3. Hukuk Dairesi 2017/11451 E. , 2019/638 K.
"İçtihat Metni"MAHKEMESİ :ASLİYE HUKUK (AİLE) MAHKEMESİ
Taraflar arasında görülen ziynet eşyası alacağı davasının mahkemece yapılan yargılaması sonucunda, davanın kısmen kabulüne yönelik olarak verilen hükmün, süresi içinde davalı tarafından temyiz edilmesi üzerine; temyiz dilekçesinin kabulüne karar verildikten sonra, dosya içerisindeki bütün kağıtlar okunup gereği düşünüldü:
Y A R G I T A Y K A R A R I
Davacı; davalı ile 2014 yılında evlendiklerini, aralarındaki boşanma davasının halen derdest olduğunu, düğünde takılan ziynet eşyalarından 4 adet her biri 25 gram bilezik, 85 gram ağırlığında 1 adet zincir ve 14 gram ağırlığında 1 adet gerdanlığın davalı tarafından elinden alındığını ileri sürerek; ziynet eşyalarının değeri olan 31.000,00 TL nin davalıdan tahsiline karar verilmesini talep ve dava etmiştir.
Davalı; düğünde takılan ziynet eşyalarının, evlilik birliktelikleri sürecinde bozdurulduğunu ve evin ihtiyaçlarını karşılamak üzere harcandığını savunarak ; davanın reddini istemiştir.
Mahkemece; hükme esas alınan kuyumcu bilirkişi raporu doğrultusunda, davanın kısmen kabulü ile 21.325,00 TL nin davalıdan tahsiline karar verilmiş; hüküm, süresi içinde davalı tarafından temyiz edilmiştir.
Dava; ziynet eşyalarının bedelinin tahsili istemine ilişkindir.

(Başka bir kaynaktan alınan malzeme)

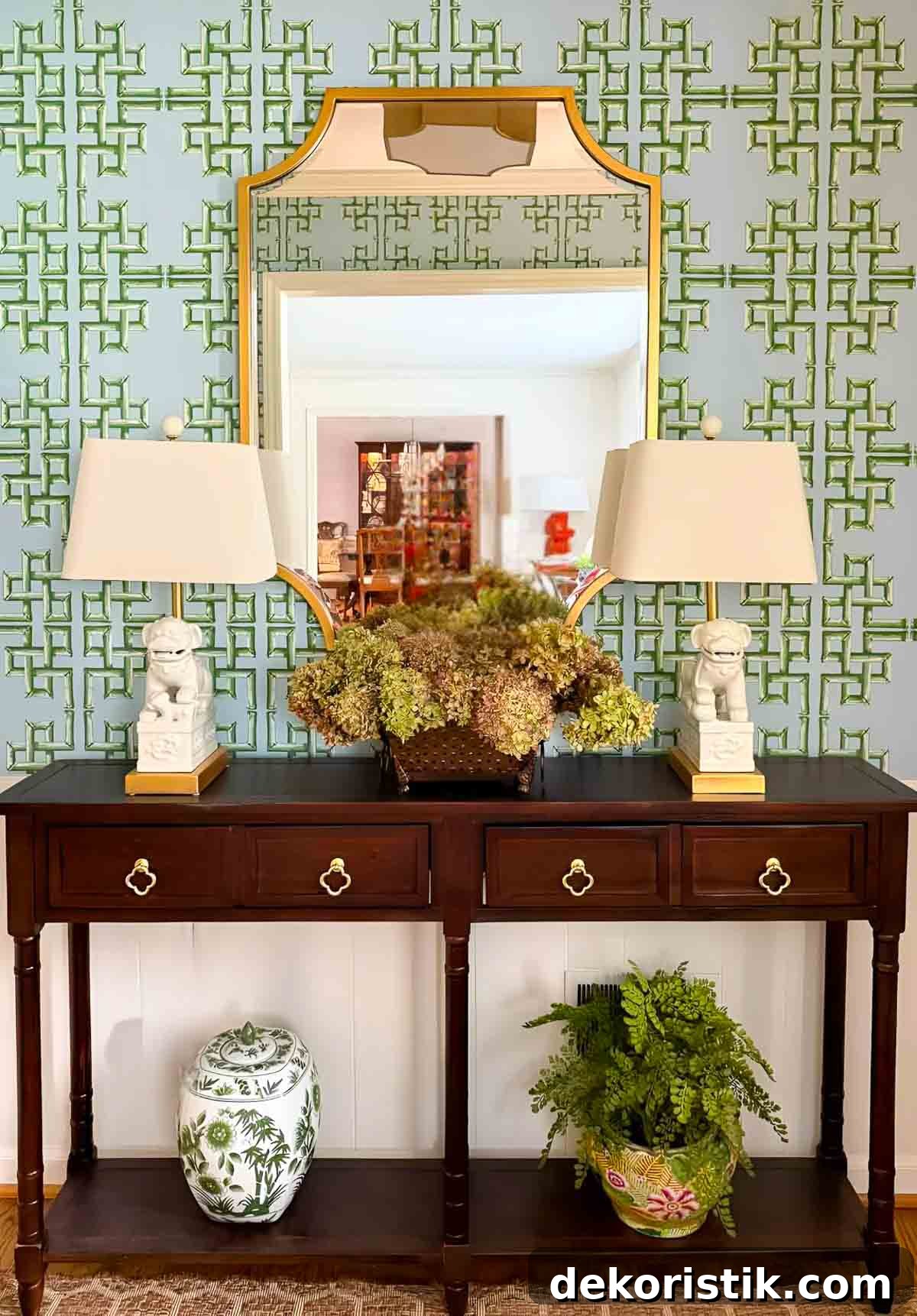Decorative wooden console table with floral arrangements and lamps in front of intricately patterned wall.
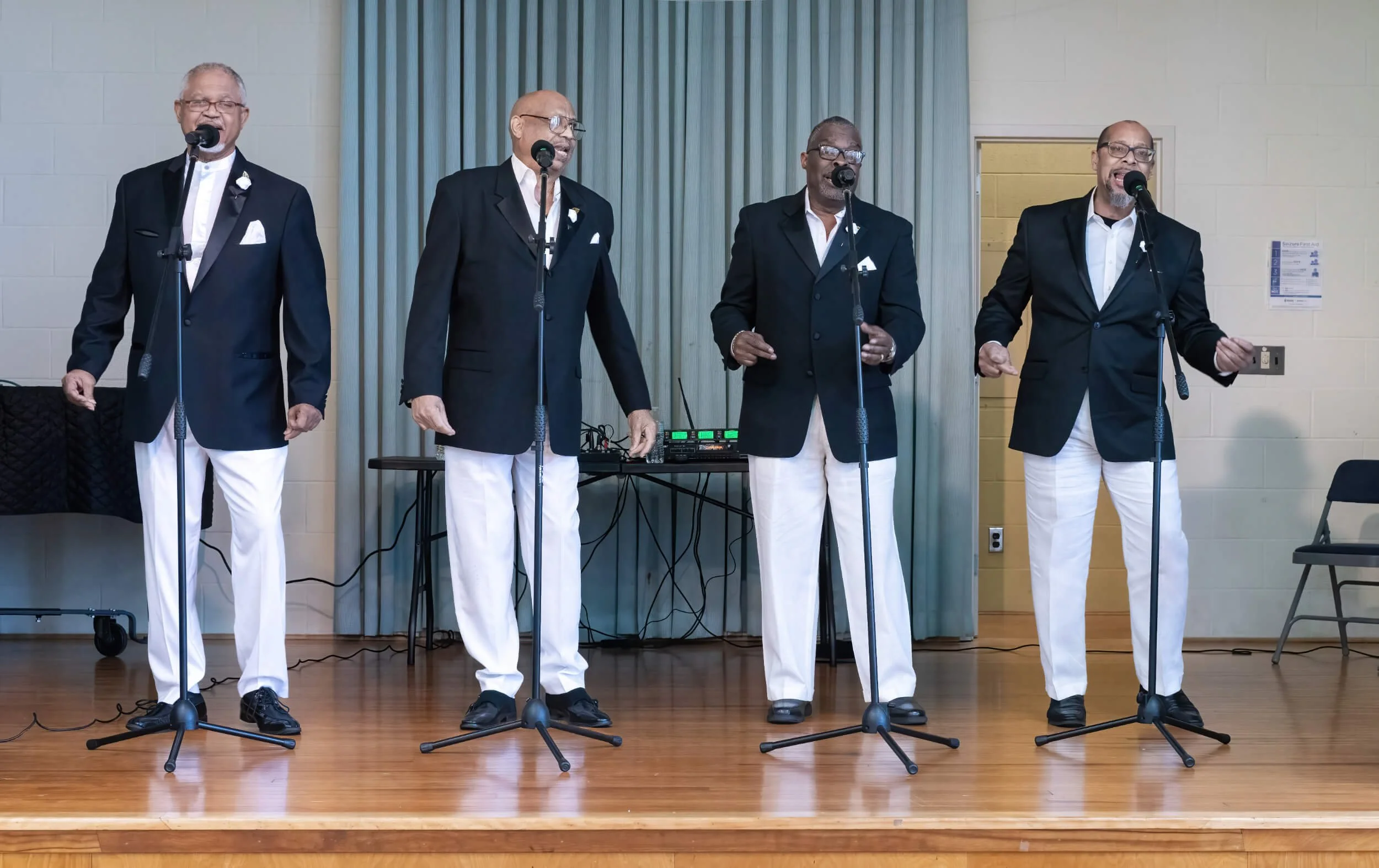 Four men singing into microphones on a stage, wearing black blazers, white pants, and white shirts, with a DJ setup behind them.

1-Dosyadaki yazılara, kararın dayandığı delillerle kanuni gerektirici sebeplere ve özellikle delillerin takdirinde bir isabetsizlik görülmemesine göre, davalının sair temyiz itirazlarının reddi gerekir.
2- Medeni hukuk yargılamasına hâkim olan ilkelerden biri de taleple bağlılık ilkesidir. Bu ilke, 6100 sayılı Hukuk Usulü Muhakemeleri Kanunu"nun 26. maddesinde açıkça ifade edilmiştir. Buna göre; hâkim, tarafların talepleri ile bağlıdır. Kanunlarda gösterilen sınırlı sayıdaki istisnalar bir kenara bırakılacak olursa, talepten fazlasına veya talepten başka bir şeye karar veremez. Fakat, hâkimin duruma göre talep sonucundan daha azına karar vermesinin önünde engel yoktur.
Taleple bağlılık ilkesi, talep edilmeyene karar vermeme, talep edilenden fazlasına karar vermeme ve talep edilenden farklı bir şeye karar vermeme biçimlerinde mahkeme kararının sınırlarını belirler şekilde karşımıza çıkmaktadır. Mahkemece dava dilekçesine bakılarak tespit edilecek bu sınırlar, talep edilen hukuki sonuçtur.
Somut olayda; mahkemece hükme esas alınan kuyumcu bilirkişi raporunda, davacıya düğünde her biri 20 gram 6 adet bilezik, 2 adet yüzük ve 1 adet 105 gram zincir takıldığı, değerlerinin 21.325,00 TL olduğu belirtilmiştir. Ne var ki, davacı ziynet eşyası yönünden talebini 4 adet bilezik, 1 adet zincir ve 1 adet gerdanlık ile sınırlamıştır. Bu durumda, davacı tarafından talep edilmeyen 2 adet bilezik ve 2 adet yüzüğün de bedelinin iadesine karar verilmiş, talep aşılarak hüküm kurulmuştur.
Hal böyle olunca ; mahkemece, taleple bağlılık ilkesi çerçevesinde, maddi ve hukuki olgular dikkate alınarak, hasıl olacak sonuca göre bir karar verilmesi gerekirken, yazılı şekilde hüküm tesisi doğru görülmemiş, bozmayı gerektirmiştir.
SONUÇ: Yukarıda 1. bentte açıklanan nedenlerle davalının sair temyiz itirazlarının reddine, ikinci bentte açıklanan nedenlerle hükmün HUMK"nun 428.maddesi gereğince davalı yararına BOZULMASINA, ve peşin alınan temyiz harcının istek halinde temyiz edene iadesine, 6100 sayılı HMK"nun geçici madde 3 atfıyla 1086 sayılı HUMK.nun 440.maddesi gereğince kararın tebliğinden itibaren 15 günlük süre içerisinde karar düzeltme yolu açık olmak üzere, 04.02.2019 tarihinde oy birliğiyle karar verildi.